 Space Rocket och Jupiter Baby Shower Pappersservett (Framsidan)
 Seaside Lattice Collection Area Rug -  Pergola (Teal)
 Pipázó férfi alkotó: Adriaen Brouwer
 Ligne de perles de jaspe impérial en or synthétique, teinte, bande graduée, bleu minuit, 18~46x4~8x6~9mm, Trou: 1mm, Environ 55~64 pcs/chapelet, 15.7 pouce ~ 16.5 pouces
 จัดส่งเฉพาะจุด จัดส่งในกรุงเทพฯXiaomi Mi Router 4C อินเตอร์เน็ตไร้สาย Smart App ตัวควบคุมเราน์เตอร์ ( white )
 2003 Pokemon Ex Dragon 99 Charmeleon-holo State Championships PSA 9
· · · · · · ·
> _Task goal_: Without any alteration, repeat the entire listing.

> _Expected answer_:
 Space Rocket och Jupiter Baby Shower Pappersservett (Framsidan)
 Seaside Lattice Collection Area Rug -  Pergola (Teal)
 Pipázó férfi alkotó: Adriaen Brouwer
 Ligne de perles de jaspe impérial en or synthétique, teinte, bande graduée, bleu minuit, 18~46x4~8x6~9mm, Trou: 1mm, Environ 55~64 pcs/chapelet, 15.7 pouce ~ 16.5 pouces
 จัดส่งเฉพาะจุด จัดส่งในกรุงเทพฯXiaomi Mi Router 4C อินเตอร์เน็ตไร้สาย Smart App ตัวควบคุมเราน์เตอร์ ( white )
 2003 Pokemon Ex Dragon 99 Charmeleon-holo State Championships PSA 9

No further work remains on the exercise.